• Provided entries

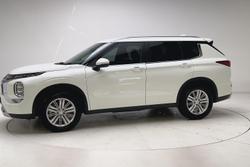 2024 Mitsubishi Outlander LS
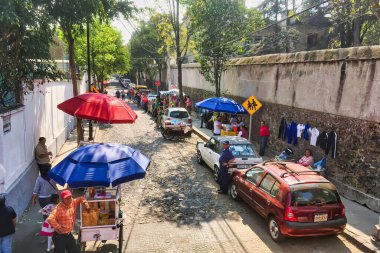 Mexico City, Mexico - 27 Nisan 2010: Bir kadın, kaldırımda battaniyeli ve hediyelik eşya satan Meksikalı bir sokak satıcısı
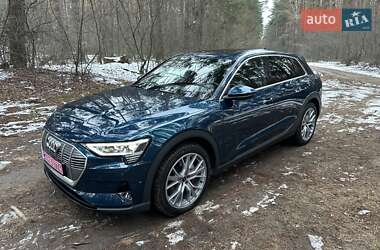 Позашляховик / Кросовер Audi e-tron 2022 в Києві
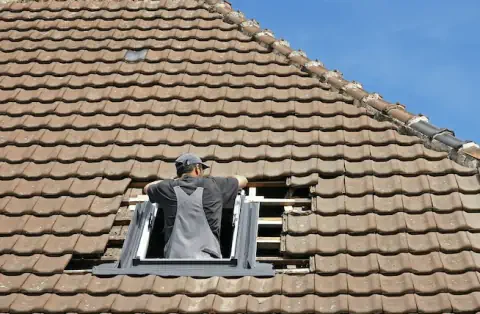 Pose de velux - Solesmes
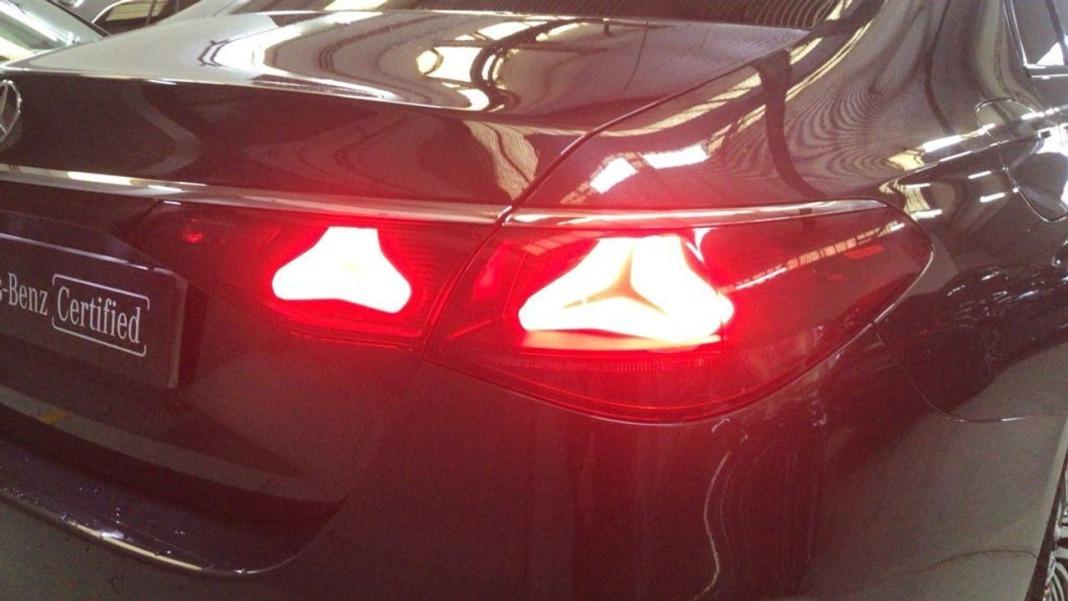 Mercedes Clase E E 300 de con tecnología hibrida EQ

• Task description
Restate the data above word for word, so that the only difference is the missing pictures.

• Finished exercise
 2024 Mitsubishi Outlander LS
 Mexico City, Mexico - 27 Nisan 2010: Bir kadın, kaldırımda battaniyeli ve hediyelik eşya satan Meksikalı bir sokak satıcısı
 Позашляховик / Кросовер Audi e-tron 2022 в Києві
 Pose de velux - Solesmes
 Mercedes Clase E E 300 de con tecnología hibrida EQ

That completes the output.